Bingham by Valerie Henstock

Structural

St. Mary and All Saints' church.

Standing Buildings

The area around the Market Place which is a medieval planned feature, is a designated conservation area, the Buttercross of 1861 standing at its centre.

The oldest building is the church of St. Mary and All Saints parts of which can be stylistically dated to the 13th century. It is first mentioned as having a rector in 1226 and it has always been considered a wealthy benefice. Godfrey's Notes on the Churches of Nottinghamshire: Hundred of Bingham published by Phillimore 1907, Nikolaus Pevsner's Buildings of England: Nottinghamshire (2nd edition 1979 revised by Elizabeth Williamson), Adrian Henstock's History and Guide to Bingham Parish Church published by the Friends of Bingham Church 1994, and Tony Player's unpublished assignment for his M.A. in Historic Buildings Conservation for the University of Nottingham (December 1991) are useful sources.
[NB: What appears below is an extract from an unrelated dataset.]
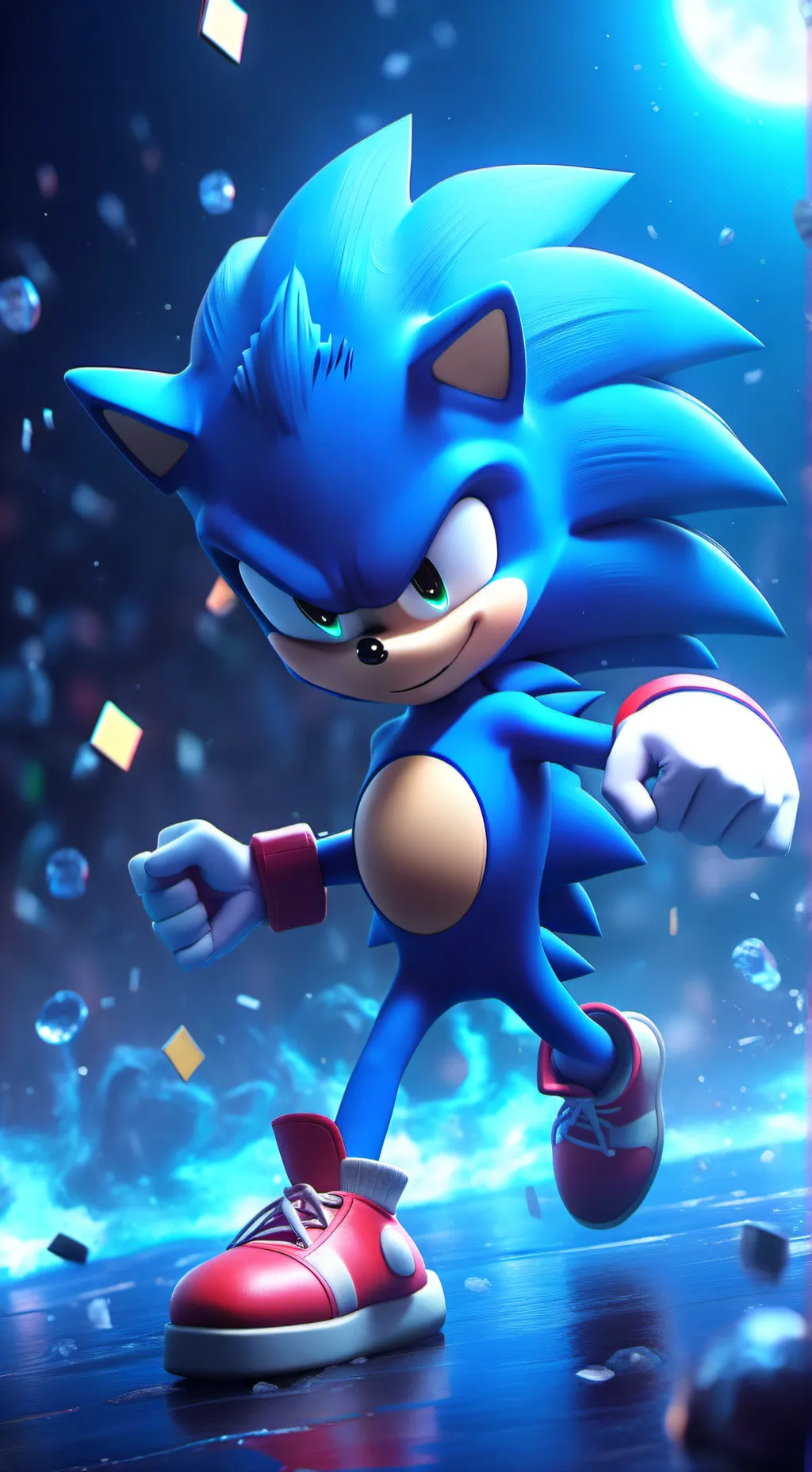 ai character: sonic the hedgehog background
The rest of the buildings differ from the church, being of local red brick rather than stone. Most of them date from the 18th and 19th centuries. These were originally roofed with thatch but this was replaced by slate and pantiles with the coming of the railways. Three buildings which were erected as non-conformist chapels still survive: the Wesleyan Methodist of 1818 still serves as such but plans to replace it with a new church are well advanced; the Primitive Methodist also of 1818 is now a public house and the Independent Wesleyan Methodist of 1877 is a private house.
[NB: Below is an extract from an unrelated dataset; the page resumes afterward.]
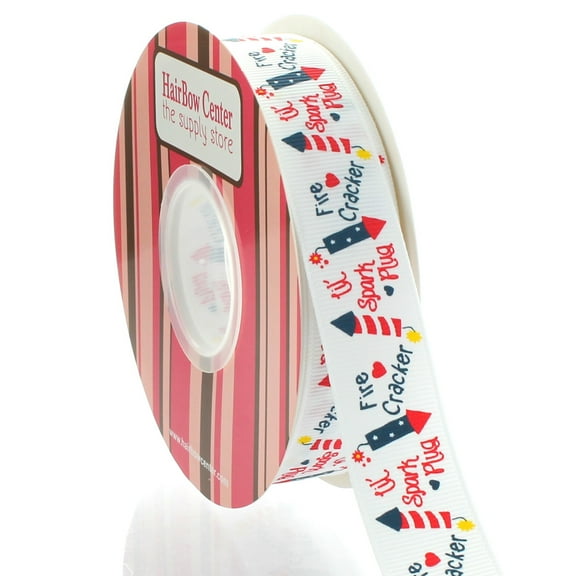 7/8" Firecracker Grosgrain Ribbon 25 Yard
Victorian church and chapel schools survive - the former on East Street (1845) as a church centre and the latter on Kirk Hill (1850) as a private house.

The severely truncated railway station buildings of the 1850s by T.C.Hine are a shadow of their former selves but the courthouse and police cells of a similar date serve as the town council offices on Church Street

Ruins, earthworks and archaeological remains

A plan of the earthworks in Crow Close by Hadrian Allcroft.

A plan of the earthworks in Crow Close by Hadrian Allcroft.

Traces of a henge monument were found to the north of the town centre and covered with a metre of clay in 1972 for protection. It had been deliberately vandalised in the early part of the 20th century on the instructions of the rector.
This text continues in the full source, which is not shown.